In the Transformation Settings dialog, choose Polynomial 2 as Transformation type. Choose Nearest Neighbour as Resampling method and EPSG:3857 as Target SRS. Click on the … in Output raster and save the file as Banglore_1924_modified.tif. Choose LZW in Compression. Finally, check the Save GCP points and Load in QGIS when done boxes. Click OK to save this setting and close the settings dialog.
Note the Residual (pixels) columns will not display the error for each GCPs based on the chosen transformation algorithm. Lower error means the transformation would be able to accurately assign the chosen coordinate to the pixel.
If you have a GCP with high residual, you can use the Move point to adjust the point’s position or Delete point to remove it. Before georeferencing, a minimum of six GCPs should be available.
Repeat this process till you are satisfied with the the total mean error and the residuals.
Click on the Start Georeferencing button to georeference the scanned map.
In the main QGIS canvas, the georeferenced layer Banglore_1924_modified will be added and overlayed on the basemap.
We have now completed all steps and you should have a georeferenced image.Your output should match the contents of the Georeferencing_Checkpoint2.qgz file in the solutions folder. We have also provided the saved GCPs in the solutions folder. To load them, you can go to File → Load GCP Points.. and select the bangalore_gcp.points file in the solutions/ folder of the data package.

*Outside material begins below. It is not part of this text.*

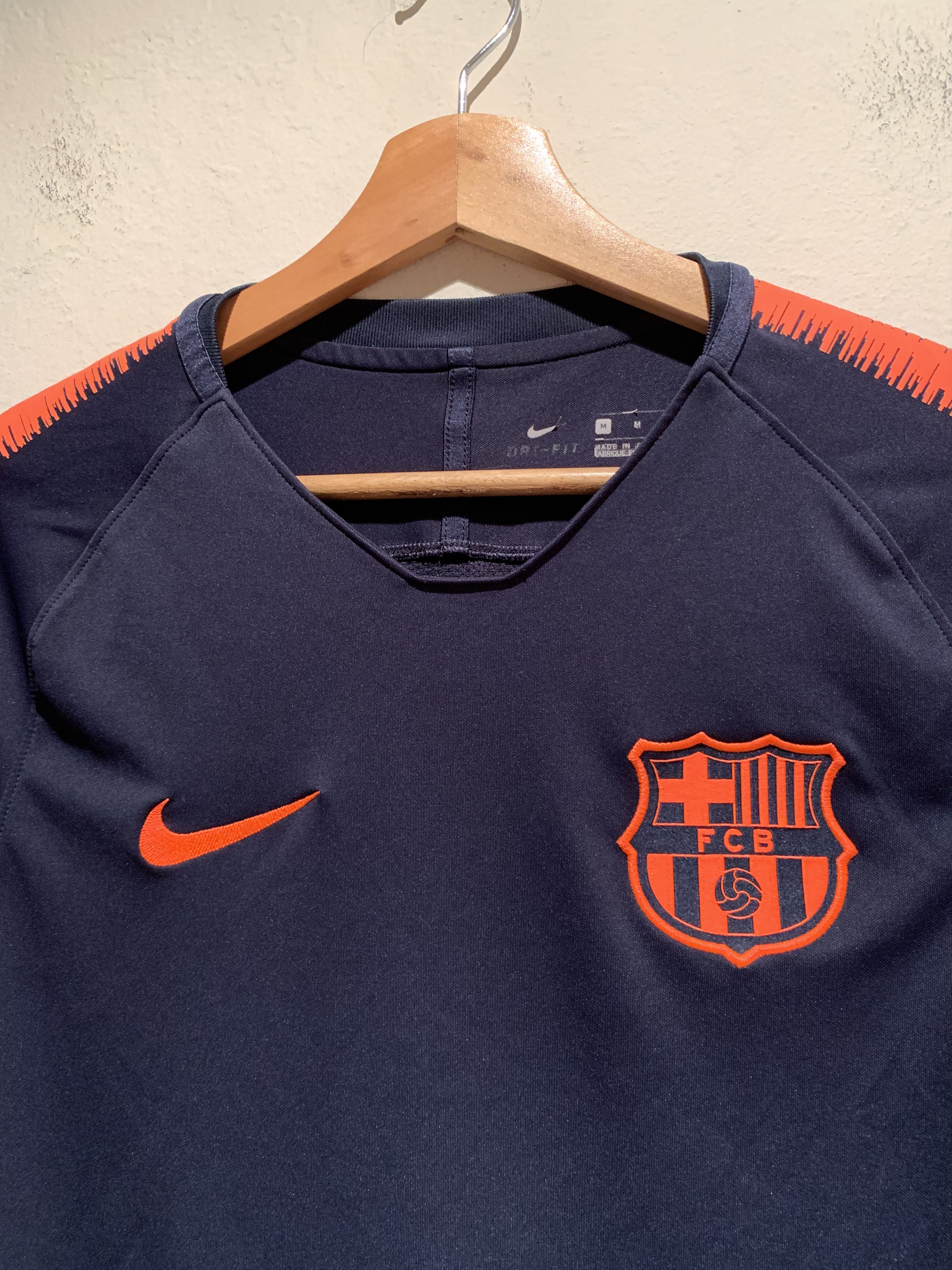 Nike *RARE* Nike Authentic FC Barcelona Dri-Fit Soccer Jersey - M Size US M / EU 48-50 / 2 - 2 Thumbnail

In this exercise we used the Polynomial 2 technique. For datasets that require more aggressive transformation, you can use the Thin Plate Spline algorithm. This method is also known as Rubber Sheeting. Change the transformation setting to use Thin Plate Split and run the georeferencer again. Compare the output with the previous result.
4. Data Editing
Many GIS tasks require editing existing data layers or creating new datasets. Often a large amount of GIS time is spent digitizing raster data to create vector layers that you use in your analysis. Many machine learning projects also require creating a labeled dataset that needs to be made by digitizing features from satellite imagery or historical maps. QGIS has powerful on-screen digitizing and editing capabilities that we will explore in this tutorial.
In this exercise, you will create a vector layer of historic lakes in the city of Bangalore, India. This city has experienced urbanization at a rapid pace. Due to this, many water bodies have been lost. We will use the georeferenced scanned map from the previous exercise to digitize polygons for all the water bodies in 1924 and label their current status. Finally, we will create a vector layer and assign attributes to them, indicating whether they are healthy, lost, or partially lost.
4.1 Attribute Forms
We will first create a new layer and configure the attribute form to capture the data about the features.
Go to Project → Open and browse to the data package. Select the Digitizing.qgz project and click Open.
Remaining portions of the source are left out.